Directions for this task » Every line below from the one with "Apartamentos Rent Express Chervony 11" through the one with "М'яка іграшка з" is to be repeated exactly, with no picture among them.

Task data »
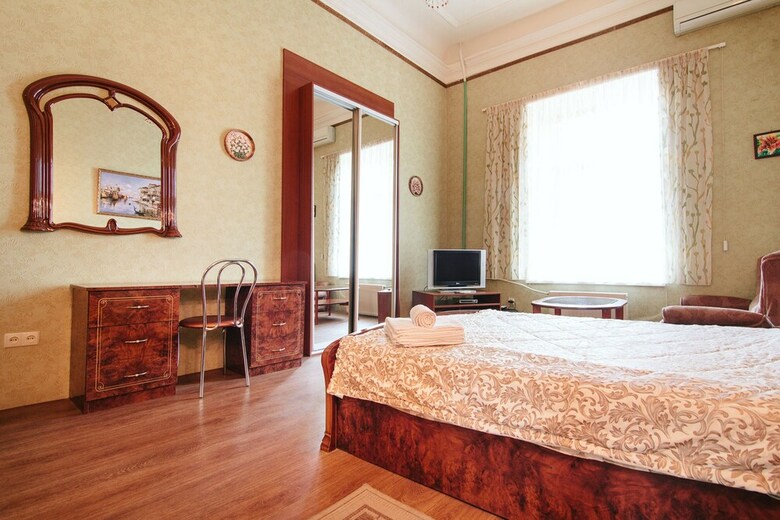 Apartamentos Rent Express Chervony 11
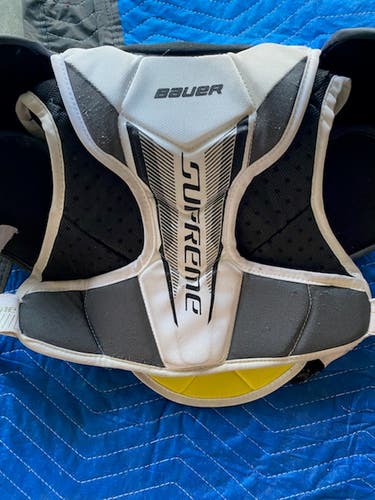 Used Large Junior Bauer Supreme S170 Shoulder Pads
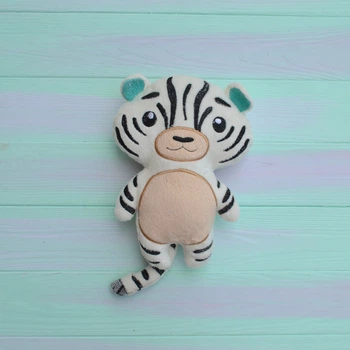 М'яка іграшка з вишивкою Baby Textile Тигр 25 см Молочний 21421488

---

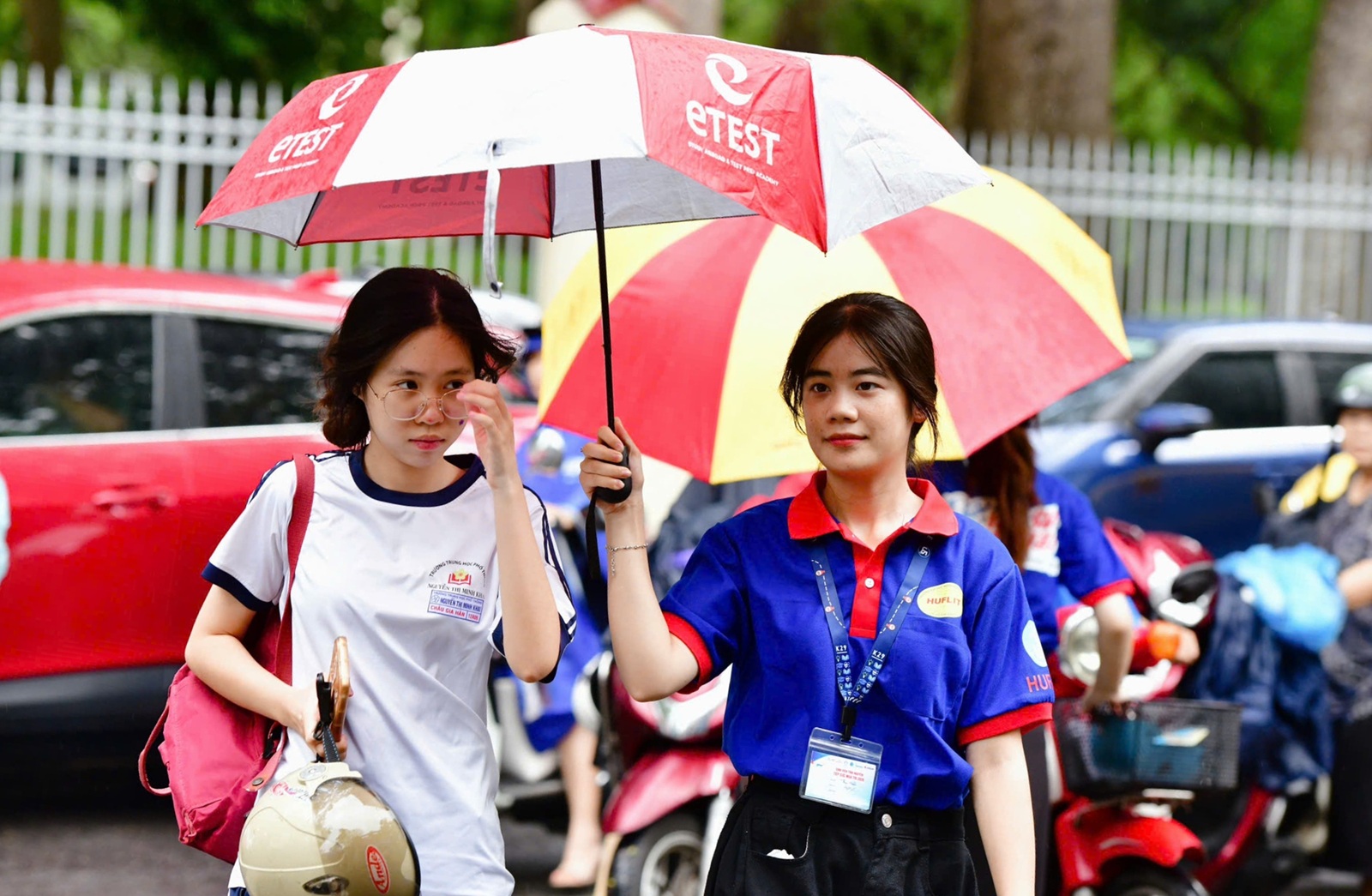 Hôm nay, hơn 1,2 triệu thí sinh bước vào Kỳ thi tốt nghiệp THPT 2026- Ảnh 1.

Expected output »
 Apartamentos Rent Express Chervony 11
 Used Large Junior Bauer Supreme S170 Shoulder Pads
 М'яка іграшка з вишивкою Baby Textile Тигр 25 см Молочний 21421488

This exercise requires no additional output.